SyntaxError: positional argument follows keyword argument

Python 3.7.6
talos.__version__
'1.0.0'
bjtho08 commented 3 years ago

What I tried: First, I Analyze the scan_object to find the round w/ best result using rounds2high. Say we store the best model number into model_no. Then I tried the following, but it failed:

ruh_best_model = talos.utils.best_model.activate_model({scan_object,{'myCsutomLayer': myCsutomLayer}} , model_no) due to sytaxterr:

You have quite a few erros in that single line of code. best_model() and activate_model() are two functions from the same module. That means you can't chain them together as you did here. That would only work if activate_model() was a method in a class instance named best_model. Second, activate_model() takes one positional argument. Now, I don't know how you get that specific syntax error, because you are supplying two arguments, where the first argument is a set containing a Scan object and a dict with a custom layer as the item and the second argument is the model number.
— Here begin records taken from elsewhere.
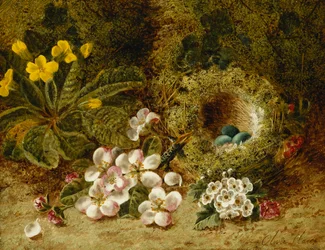 Æbleblomster, en Primrose- og Fuglerede på en Mosebred,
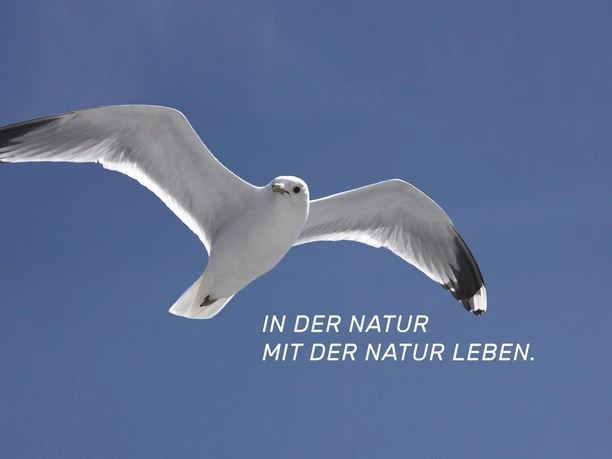 helloer-titelbild.JPG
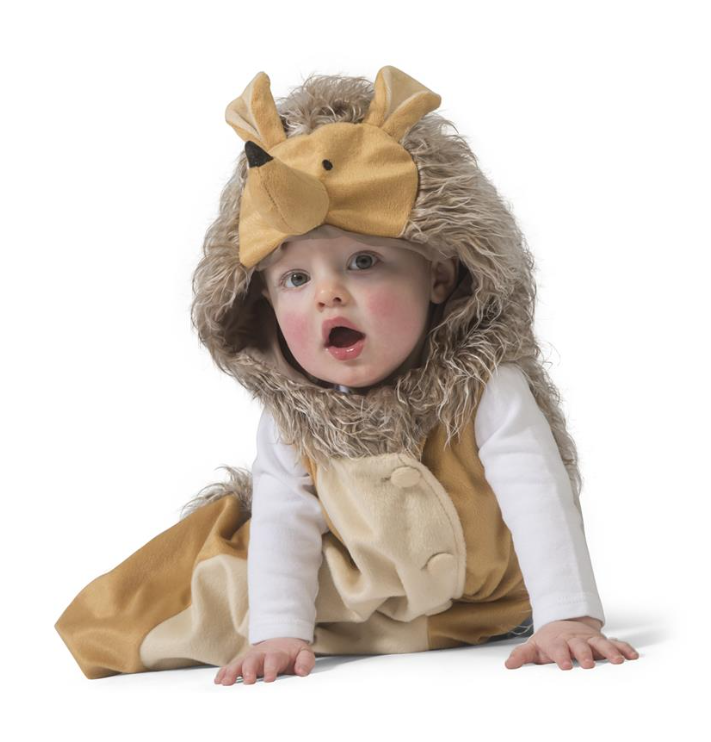 Déguisement hérisson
Now, I don't have direct access to my own code atm, but if I remember correctly, what I did as a work-around for this particular issue was to simply use the underlying code for the various methods. So for instance, to get the best model and then re-load it, I used

from keras.models import model_from_json
from myswish import Swish

my_activations = {
    'Swish': Swish,
}

best = scan_object.data.sort_values('val_acc', ascending=False).iloc[0].name
model = model_from_json(self.saved_models[best], custom_objects=my_activations)

Then you just substitute whatever your dict of custom objects is named and change the sorting column if needed.